Impeachment de Alexandre de Moraes: Senadores se dividem e 15 pedem saída do ministro após vazamento de mensagens

Impeachment de Alexandre de Moraes: Senadores se dividem e 15 pedem saída do ministro após vazamento de mensagens

Resumo

Senadores reagem a mensagens de Alexandre de Moraes e impulsionam pedidos de impeachment

O vazamento de mensagens trocadas entre o ministro Alexandre de Moraes, do Supremo Tribunal Federal (STF), e o fundador do Banco Master, Daniel Vorcaro, acendeu um debate acalorado no Senado Federal. Após a divulgação do conteúdo, senadores começaram a se movimentar ativamente pela abertura de um processo de impeachment contra o magistrado.

Em resposta à repercussão do caso, a Gazeta do Povo realizou um levantamento para apurar a posição dos 81 senadores sobre o tema. As informações foram coletadas através de respostas diretas dos parlamentares à reportagem, pronunciamentos na tribuna do Senado ou manifestações em redes sociais, e os resultados estão sendo atualizados continuamente.

Até o momento, 20 senadores já se pronunciaram publicamente sobre o assunto. Desses, 15 expressaram apoio à abertura do processo de impeachment, enquanto cinco preferiram não se manifestar explicitamente a favor ou contra. Parte desses parlamentares, no entanto, comentou o caso, com detalhes disponíveis no infográfico da reportagem original. É importante notar que, até agora, nenhum senador declarou ser contrário ao impeachment de Alexandre de Moraes, conforme apurado pela Gazeta do Povo.

Mais de 60 pedidos de impeachment contra Moraes já tramitam no Congresso

O atual movimento em torno do impeachment de Alexandre de Moraes não é um fato isolado. De acordo com as informações, ao menos 66 pedidos de impeachment contra o ministro já foram apresentados ao Congresso Nacional. A nova onda de questionamentos surge após o ministro André Mendonça, também do STF, retirar o sigilo de mensagens que agora estão sob escrutínio público.

Histórico de questionamentos: Senadores já foram consultados em 2024

A Gazeta do Povo já havia procurado os senadores sobre o tema em um momento anterior. Entre agosto e setembro de 2024, após a notícia de que Moraes teria encomendado relatórios ao Tribunal Superior Eleitoral (TSE) para embasar investigações conduzidas por ele, o jornal também buscou contato com os parlamentares. Naquela ocasião, mais da metade dos senadores não se manifestou sobre o assunto.

Naquele período, dificuldades de agenda, compromissos fora de Brasília e problemas de sinal de celular foram citados por assessores como motivos para que 20 senadores não respondessem às tentativas de contato da equipe de reportagem. A falta de resposta, em muitos casos, foi interpretada como um indicativo de cautela ou indisposição para se posicionar publicamente sobre temas sensíveis.

Medo de retaliações: Senadores optam pelo silêncio

Um dado relevante do levantamento anterior, realizado em 2024, é que 24 senadores de diversos partidos, incluindo MDB, PSD, União Brasil, PP, PSB, PDT, Podemos e PT, optaram por não se manifestar. Ao serem questionados sobre os motivos, alguns parlamentares, em conversas informais, relataram o receio de sofrerem retaliações. Essa apreensão demonstra o clima político e a sensibilidade em torno de qualquer manifestação contrária a figuras proeminentes do Judiciário.

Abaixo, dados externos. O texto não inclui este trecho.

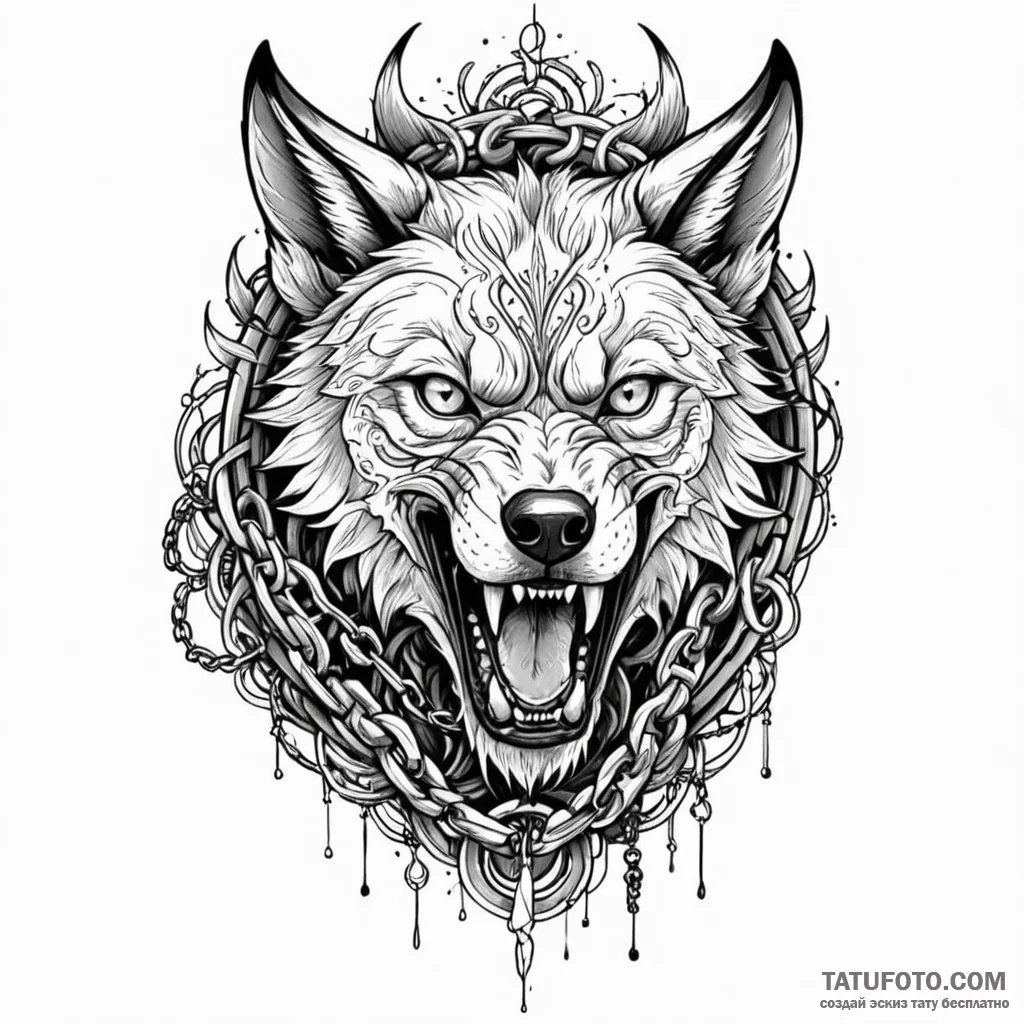 Fenrir breaking his chains, tattoo flash shee... - эскиз тату (№1749886659_0, 14.06.2025 07:37) — Tatufoto.com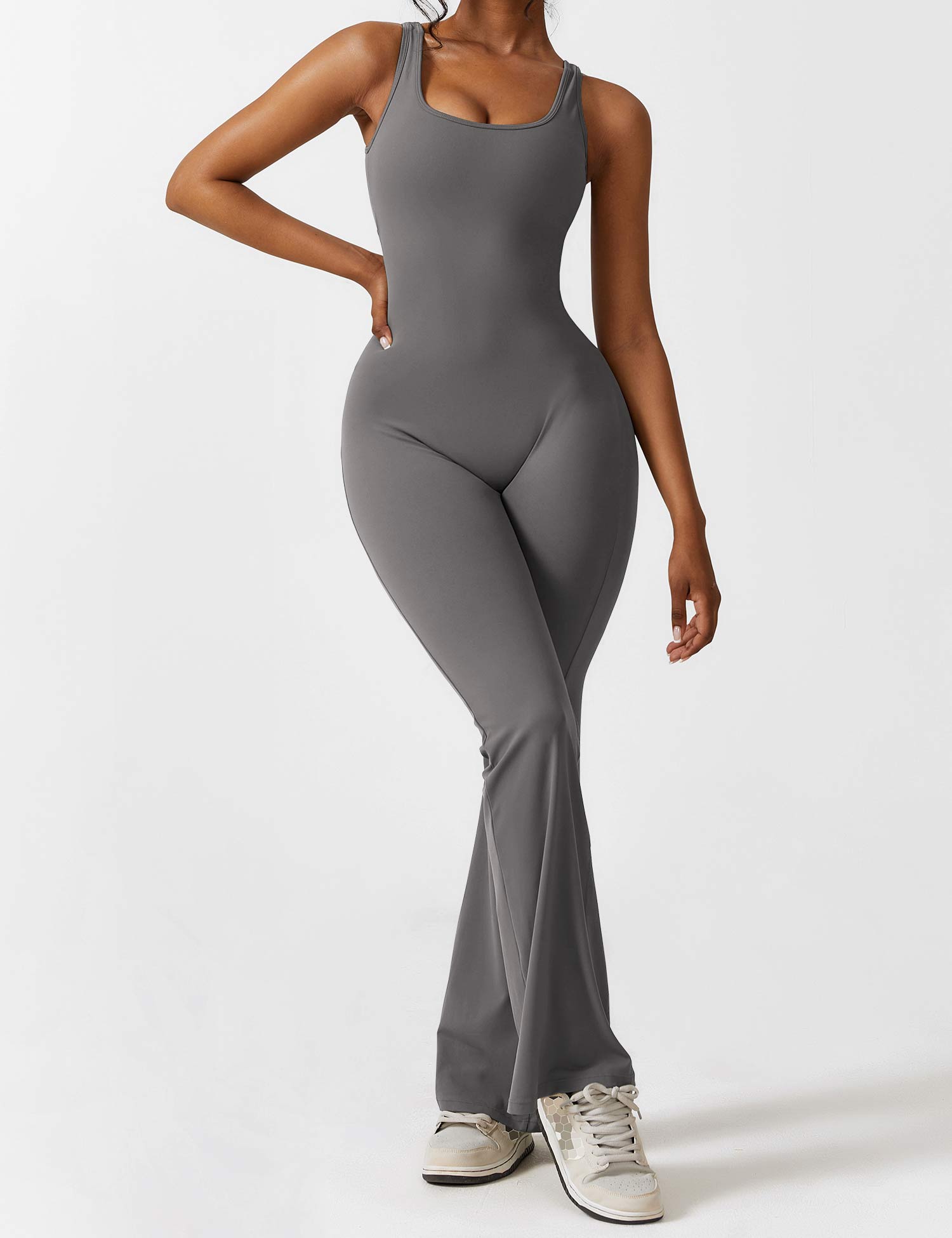Denise - V-Rug Flared Jumpsuit voor Vrouwen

Posicionamento dos senadores sobre o impeachment de Moraes

O levantamento atual, com dados até as 20h de quarta-feira (2), indica uma tendência clara entre os senadores que se pronunciaram. Dos 20 parlamentares que manifestaram sua posição, **15 são favoráveis ao impeachment de Alexandre de Moraes**. Os cinco restantes optaram por não declarar abertamente seu apoio ou oposição, mas suas declarações adicionais sobre o caso podem ser acessadas para um entendimento mais aprofundado. A ausência de senadores contrários ao impeachment reforça a pressão sobre o ministro do STF e a continuidade do debate no Congresso Nacional.